I'm afraid of losing my parents and brothers I'm afraid of open and deep water I'm afraid of dogs I'm afraid of muggers
I freak out when i see someone i know walking on the edge of a relatively high building, even though i'm not scared doing that myself.
well like most people i'm afraid of heights but i guess my real seriouse fear would be coming to terms with the truth about certain people i care about
I am petrified of old men - They look fragile and like they can do no harm to a fly, but in an instant they can be strong and really frightening. I do have my reason though.. My grandad sexually abused me which leads onto my next fear.. I don't like being dominated - I just freak out and take any means necessary to get out of that situation... Some guy mates thought I was joking but they now know (due to some injuries in a certain area) that I don't take any crap from them.. I also hate it when I'm around an angry or creepy guy - Also petrifies me, I do anything to get out of the situation. See a pattern.. most of my fears are of men.. I find it hard to trust men and people in general because of the pain I've been through (not looking for a sob story here.. it's true) I hate the dark - walking around the area where I live in is like asking to be mugged... I also don't like it because I hear and see strange occurances in the dark (did I spell that right?) I hate stuff squirting or being hurled in my face (if you twisted that into the right context then hmm *cough*) I think that is my fears...

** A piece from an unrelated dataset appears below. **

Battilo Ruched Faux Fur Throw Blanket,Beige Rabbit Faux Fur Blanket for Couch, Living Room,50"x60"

I am afraid of wasps, and looking completely inept/insufficient/useless. Now if only I could have a logical fear, like dying or general injury. I'd probably be better off.
I am incredibly scared of spiders. It sucks, but its true. In grade 7 at a meeting, there were these girls behind me and they put a little ball of dust on my shoulder and said Spider! and I jumped out of my seat. lol it was pretty funny looking back on it. I am also really claustrophobic. For example, even in church, when theres too many people, I start to feel panicked, I hate that feeling. Those are my two main fears that I can think of right now. I know I have more.

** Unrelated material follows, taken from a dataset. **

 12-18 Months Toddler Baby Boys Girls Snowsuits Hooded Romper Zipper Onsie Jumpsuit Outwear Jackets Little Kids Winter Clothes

Drowning: just imagine it. its just a horrifying thought. Spiders:I know, who isnt afraid of spiders, but even the smallest ones make me panic Failing: makes me break down to tears.. The dark...you dont know what could be there *shudders* okay..now i have to go to sleep..in my dark room. LOL!

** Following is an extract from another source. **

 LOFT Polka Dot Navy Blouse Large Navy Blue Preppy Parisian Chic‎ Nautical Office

I'm afraid of: -Lightning -Being killed -Losing someone I love -Someone breaking into my house -Illnesses with no cure -Large flights of stairs -Complete darkness
Bees. Especially after that one episode of Smallville and that girl falls out of the car with her face covered in them. Also fear of my mum or brother dying. Since my dad passed away a few years ago i've been really scared of my mum passing away. I sometimes cry at night if i think about it.